[What to produce]
Retype every record that follows, character for character.

Stored data
______________________________

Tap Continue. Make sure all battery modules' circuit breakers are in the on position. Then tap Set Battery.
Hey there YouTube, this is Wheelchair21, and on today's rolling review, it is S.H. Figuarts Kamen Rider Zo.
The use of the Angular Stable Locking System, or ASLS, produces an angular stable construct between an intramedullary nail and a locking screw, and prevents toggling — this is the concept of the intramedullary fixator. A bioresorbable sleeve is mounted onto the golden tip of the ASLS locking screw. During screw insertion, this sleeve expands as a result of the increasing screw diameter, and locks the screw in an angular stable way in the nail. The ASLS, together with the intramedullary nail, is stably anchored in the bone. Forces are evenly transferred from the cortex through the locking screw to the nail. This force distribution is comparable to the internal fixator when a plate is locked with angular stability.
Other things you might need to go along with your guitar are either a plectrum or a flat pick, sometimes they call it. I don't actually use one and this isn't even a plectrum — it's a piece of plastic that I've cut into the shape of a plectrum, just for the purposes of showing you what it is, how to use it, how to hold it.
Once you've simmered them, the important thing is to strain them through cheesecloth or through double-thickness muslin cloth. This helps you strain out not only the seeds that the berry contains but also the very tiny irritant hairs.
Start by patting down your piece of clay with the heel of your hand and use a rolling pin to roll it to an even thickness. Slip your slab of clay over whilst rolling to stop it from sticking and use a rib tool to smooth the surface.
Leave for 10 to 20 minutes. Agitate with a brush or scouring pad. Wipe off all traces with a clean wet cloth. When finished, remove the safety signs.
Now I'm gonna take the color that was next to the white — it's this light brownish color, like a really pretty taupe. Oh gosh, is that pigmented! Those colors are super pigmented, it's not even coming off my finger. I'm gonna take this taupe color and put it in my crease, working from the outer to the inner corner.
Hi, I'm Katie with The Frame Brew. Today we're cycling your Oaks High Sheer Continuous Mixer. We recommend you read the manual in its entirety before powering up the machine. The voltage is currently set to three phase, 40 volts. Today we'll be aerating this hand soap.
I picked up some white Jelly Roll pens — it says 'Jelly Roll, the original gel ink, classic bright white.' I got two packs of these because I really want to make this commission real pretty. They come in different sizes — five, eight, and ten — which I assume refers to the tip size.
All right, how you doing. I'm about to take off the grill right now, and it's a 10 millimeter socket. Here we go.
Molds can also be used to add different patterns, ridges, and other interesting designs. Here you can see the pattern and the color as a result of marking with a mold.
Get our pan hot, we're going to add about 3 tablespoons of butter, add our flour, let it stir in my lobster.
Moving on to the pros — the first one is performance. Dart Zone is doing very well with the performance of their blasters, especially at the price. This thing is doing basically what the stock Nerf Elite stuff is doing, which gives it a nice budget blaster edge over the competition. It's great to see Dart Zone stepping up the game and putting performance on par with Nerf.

______________________________

[Solved problem]
Tap Continue. Make sure all battery modules' circuit breakers are in the on position. Then tap Set Battery.
Hey there YouTube, this is Wheelchair21, and on today's rolling review, it is S.H. Figuarts Kamen Rider Zo.
The use of the Angular Stable Locking System, or ASLS, produces an angular stable construct between an intramedullary nail and a locking screw, and prevents toggling — this is the concept of the intramedullary fixator. A bioresorbable sleeve is mounted onto the golden tip of the ASLS locking screw. During screw insertion, this sleeve expands as a result of the increasing screw diameter, and locks the screw in an angular stable way in the nail. The ASLS, together with the intramedullary nail, is stably anchored in the bone. Forces are evenly transferred from the cortex through the locking screw to the nail. This force distribution is comparable to the internal fixator when a plate is locked with angular stability.
Other things you might need to go along with your guitar are either a plectrum or a flat pick, sometimes they call it. I don't actually use one and this isn't even a plectrum — it's a piece of plastic that I've cut into the shape of a plectrum, just for the purposes of showing you what it is, how to use it, how to hold it.
Once you've simmered them, the important thing is to strain them through cheesecloth or through double-thickness muslin cloth. This helps you strain out not only the seeds that the berry contains but also the very tiny irritant hairs.
Start by patting down your piece of clay with the heel of your hand and use a rolling pin to roll it to an even thickness. Slip your slab of clay over whilst rolling to stop it from sticking and use a rib tool to smooth the surface.
Leave for 10 to 20 minutes. Agitate with a brush or scouring pad. Wipe off all traces with a clean wet cloth. When finished, remove the safety signs.
Now I'm gonna take the color that was next to the white — it's this light brownish color, like a really pretty taupe. Oh gosh, is that pigmented! Those colors are super pigmented, it's not even coming off my finger. I'm gonna take this taupe color and put it in my crease, working from the outer to the inner corner.
Hi, I'm Katie with The Frame Brew. Today we're cycling your Oaks High Sheer Continuous Mixer. We recommend you read the manual in its entirety before powering up the machine. The voltage is currently set to three phase, 40 volts. Today we'll be aerating this hand soap.
I picked up some white Jelly Roll pens — it says 'Jelly Roll, the original gel ink, classic bright white.' I got two packs of these because I really want to make this commission real pretty. They come in different sizes — five, eight, and ten — which I assume refers to the tip size.
All right, how you doing. I'm about to take off the grill right now, and it's a 10 millimeter socket. Here we go.
Molds can also be used to add different patterns, ridges, and other interesting designs. Here you can see the pattern and the color as a result of marking with a mold.
Get our pan hot, we're going to add about 3 tablespoons of butter, add our flour, let it stir in my lobster.
Moving on to the pros — the first one is performance. Dart Zone is doing very well with the performance of their blasters, especially at the price. This thing is doing basically what the stock Nerf Elite stuff is doing, which gives it a nice budget blaster edge over the competition. It's great to see Dart Zone stepping up the game and putting performance on par with Nerf.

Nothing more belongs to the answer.